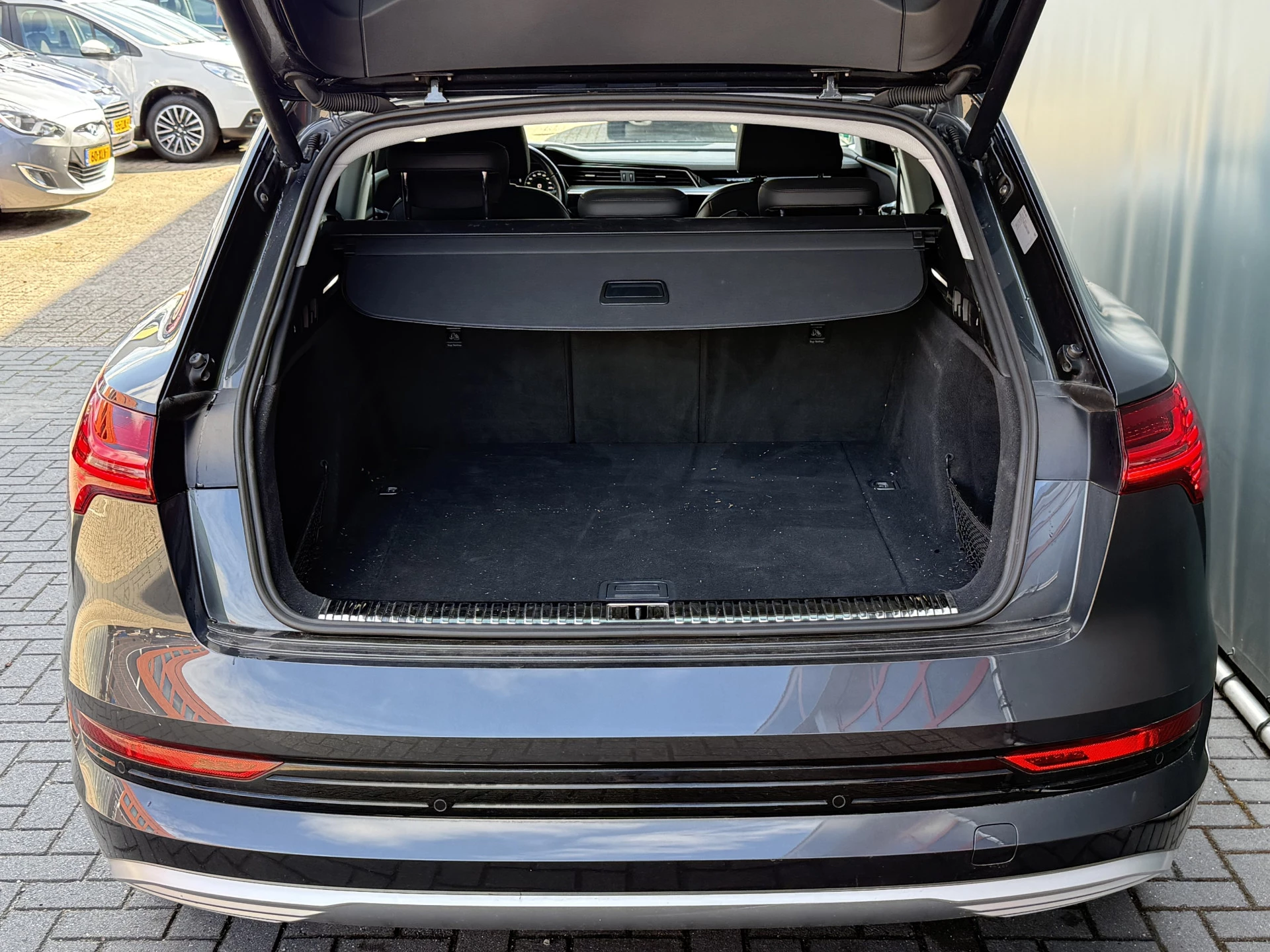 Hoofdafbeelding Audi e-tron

---

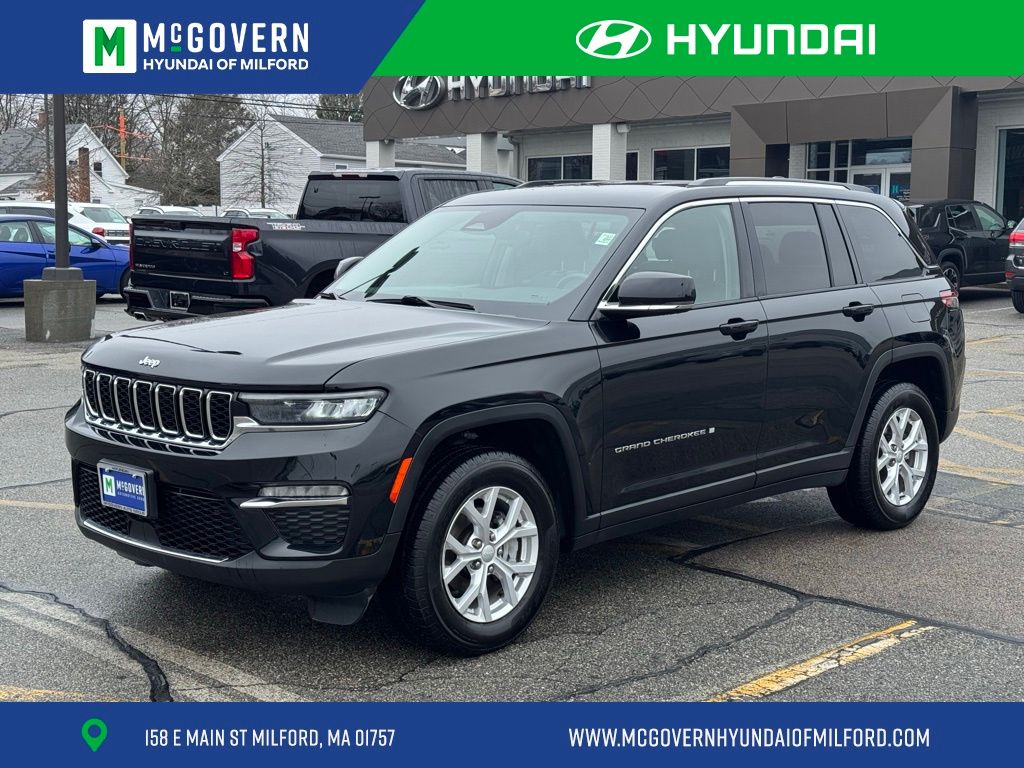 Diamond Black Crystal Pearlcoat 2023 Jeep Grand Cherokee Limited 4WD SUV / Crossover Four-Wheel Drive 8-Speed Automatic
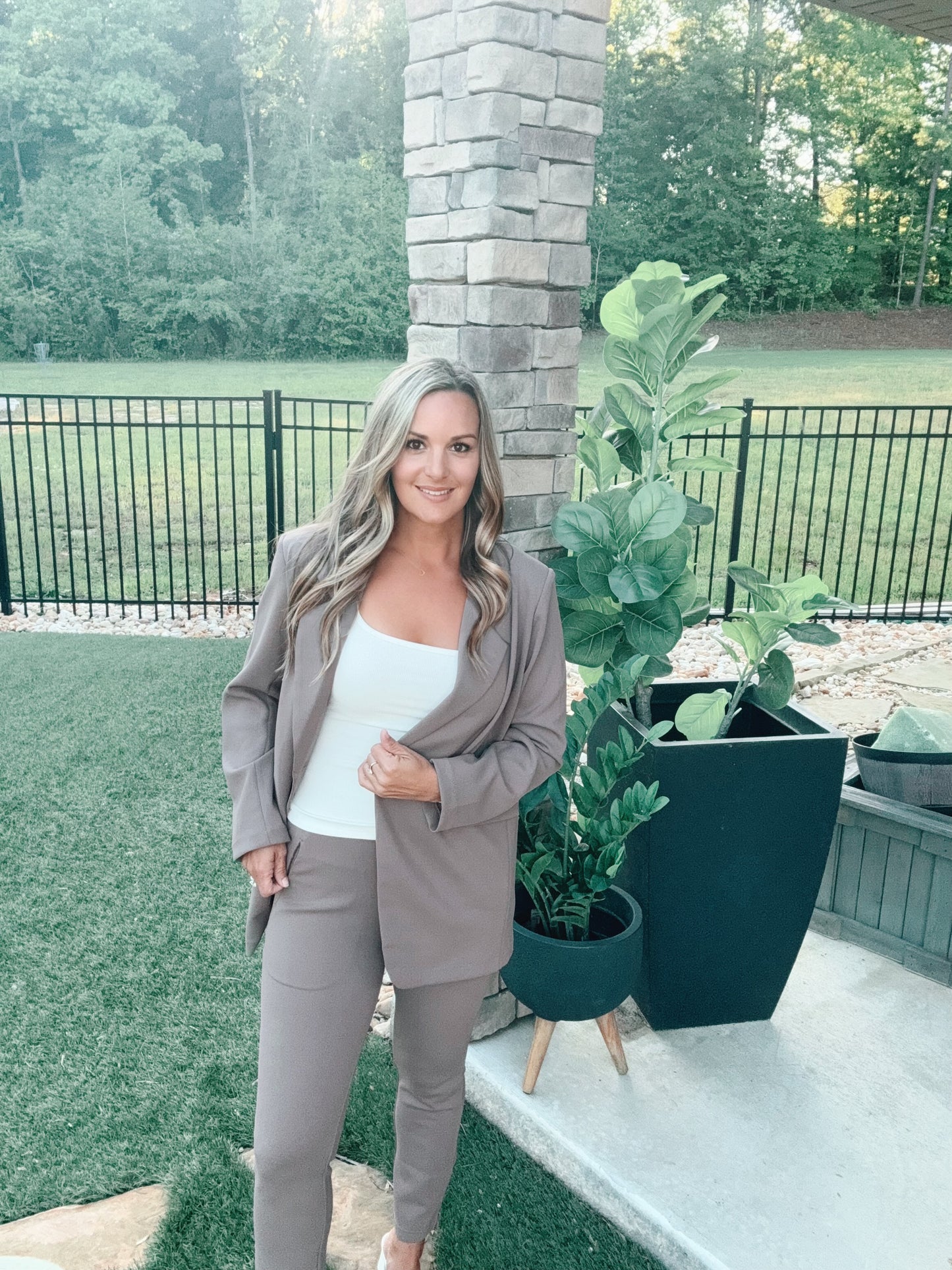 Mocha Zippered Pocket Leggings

WHAT TO DO
Starting at the line above that has "Diamond Black Crystal" and ending at the line that has "Mocha Zippered Pocket Leggings", copy each line exactly, leaving the pictures out and adding nothing.

REPLY
 Diamond Black Crystal Pearlcoat 2023 Jeep Grand Cherokee Limited 4WD SUV / Crossover Four-Wheel Drive 8-Speed Automatic
 Mocha Zippered Pocket Leggings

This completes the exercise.